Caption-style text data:
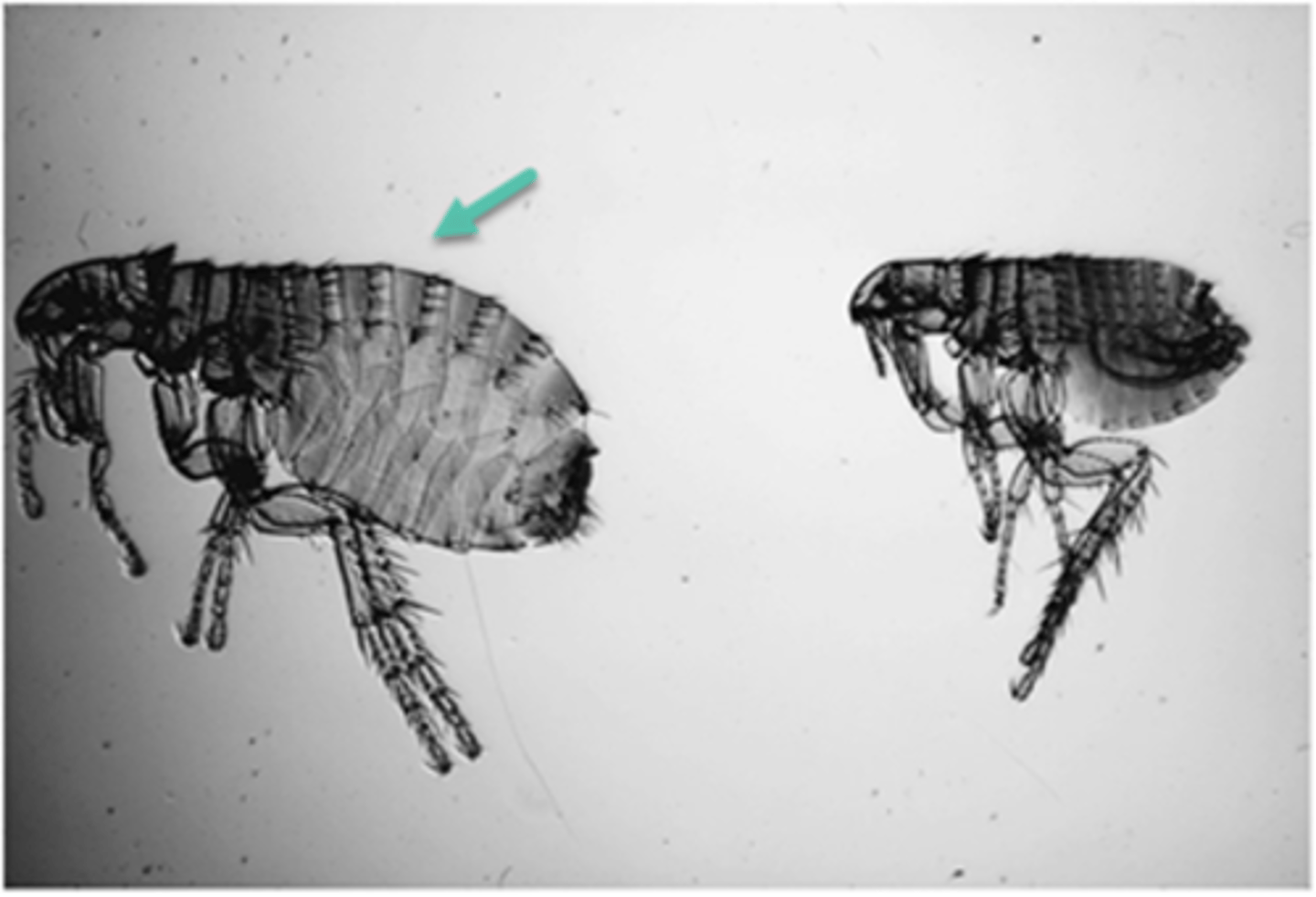 <p>The flea on the left, denoted by the green arrow, is the ___________ flea.</p>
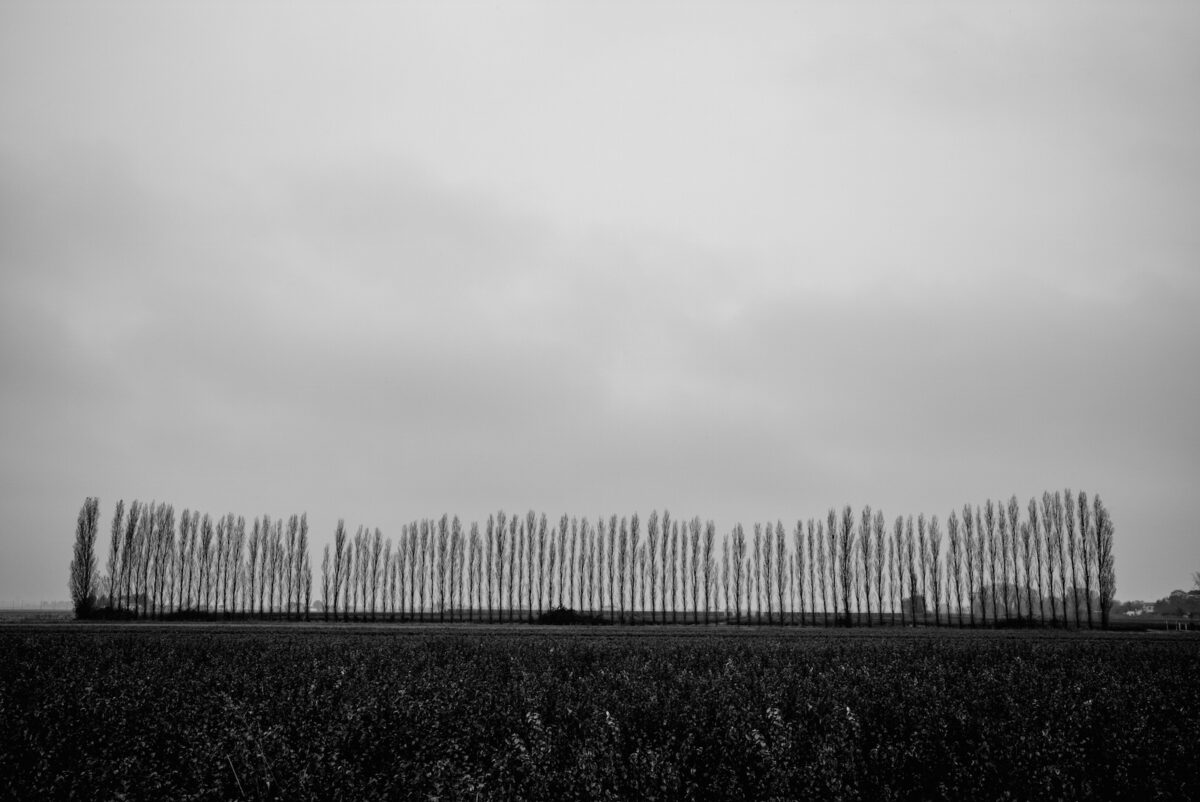 Lido delle Nazioni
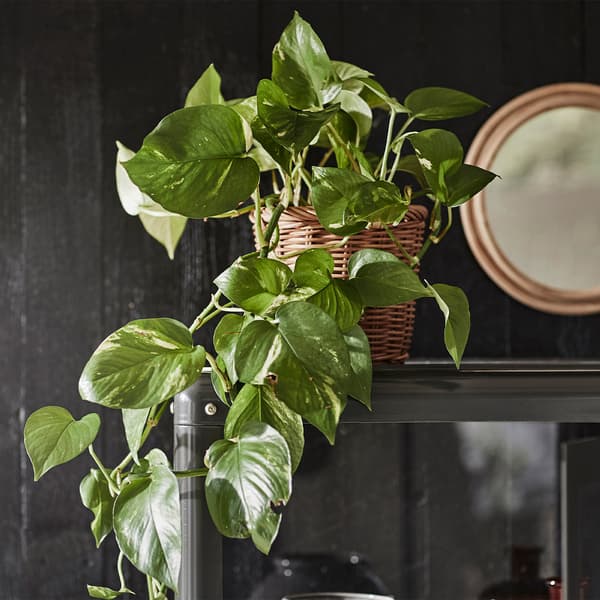 A golden pothos plant in a wicker pot.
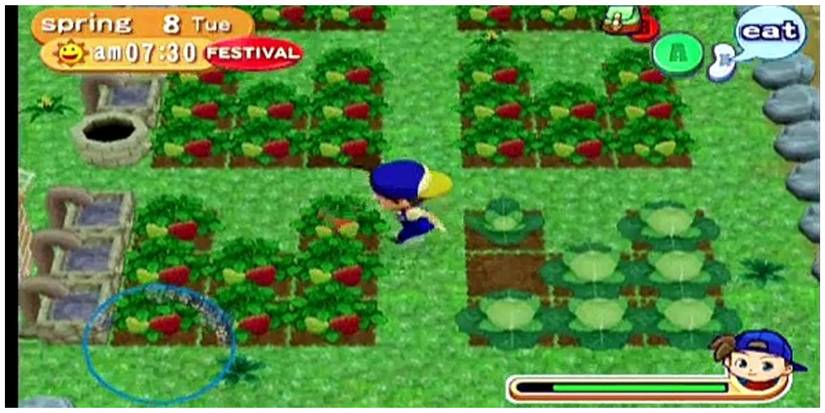 Harvest Moon Magical Melody-1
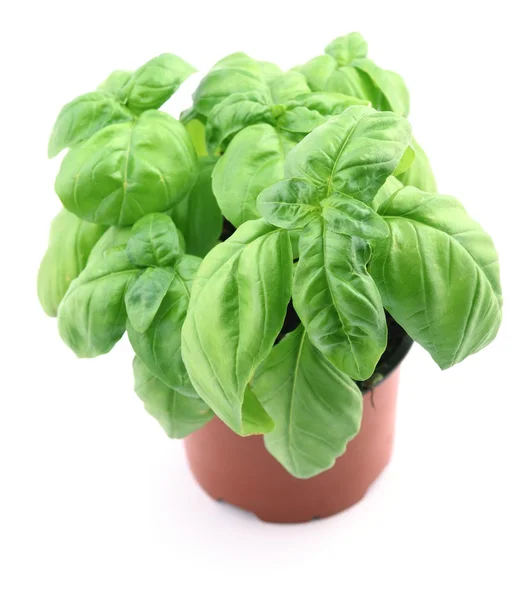 Basil in planting pot — Stock Photo, Image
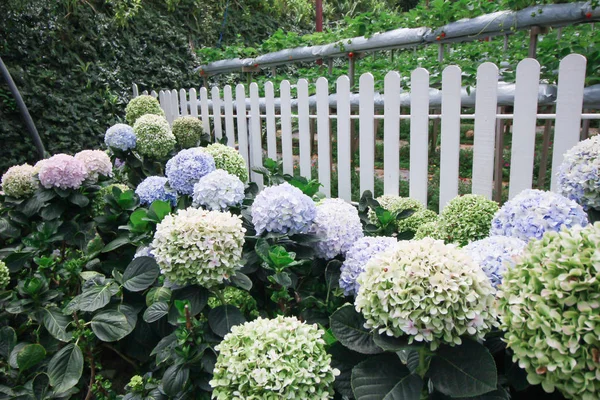 Hortensja Kwiat Ogrodzie — Zdjęcie stockowe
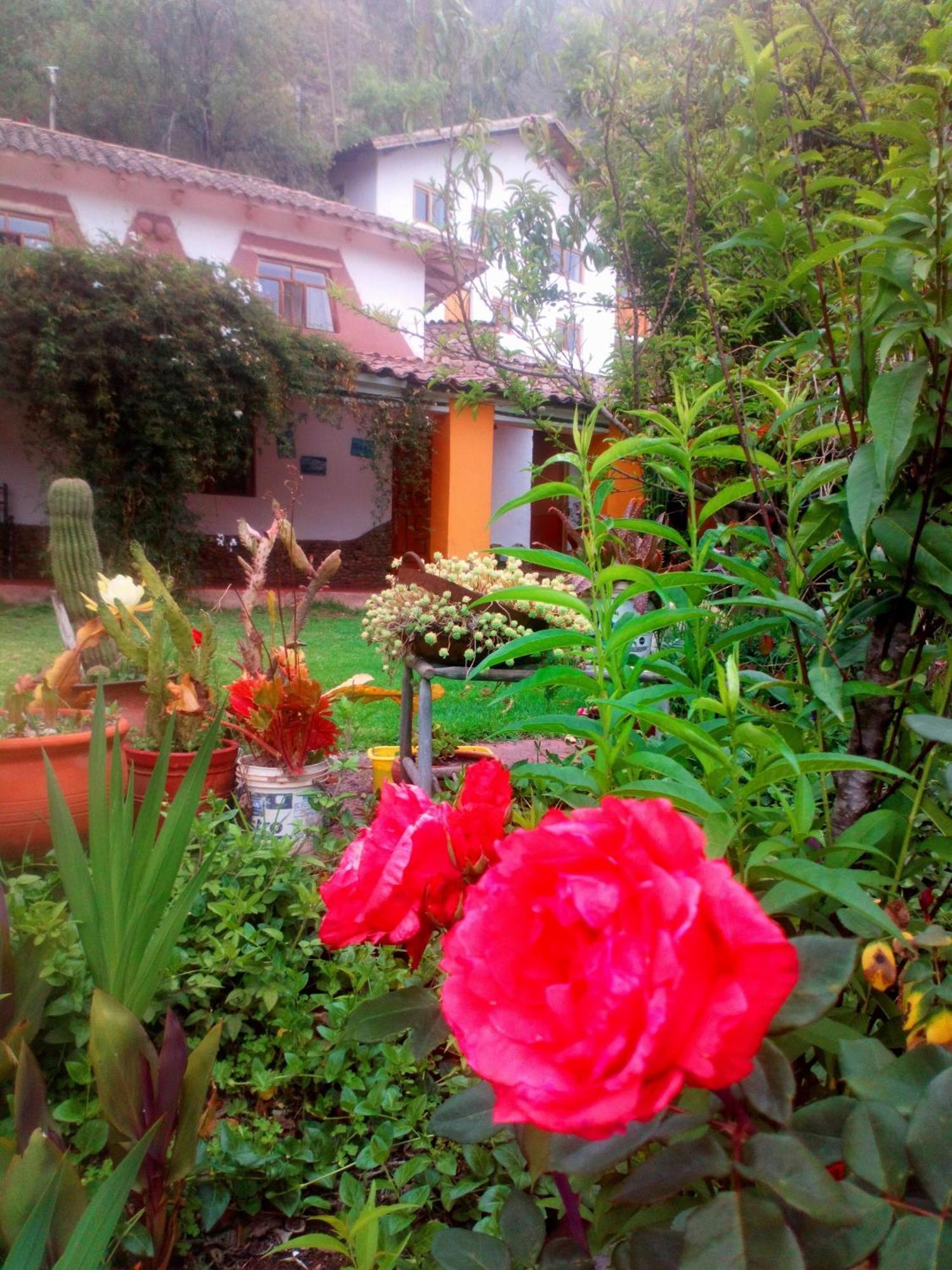 EColodge Ccatan Urubamba Bagian luar foto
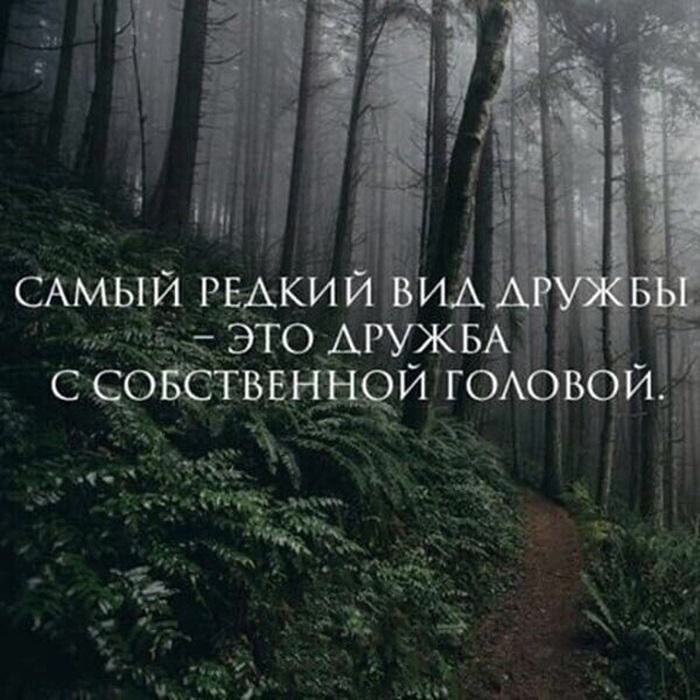      -   .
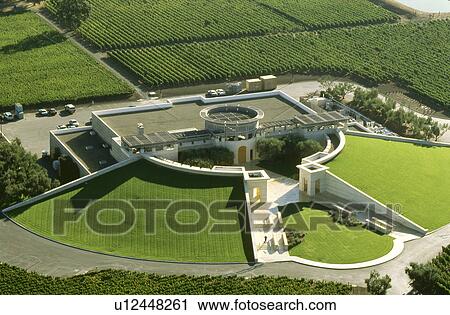 Stock Image - Vineyard. Fotosearch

PROMPT: Extract, word for word, every line from the one holding "Hortensja Kwiat Ogrodzie — Zdjęcie stockowe" through the closing line of the data above. Do not include any pictures.

RESPONSE AREA:
 Hortensja Kwiat Ogrodzie — Zdjęcie stockowe
 EColodge Ccatan Urubamba Bagian luar foto
      -   .
 Stock Image - Vineyard. Fotosearch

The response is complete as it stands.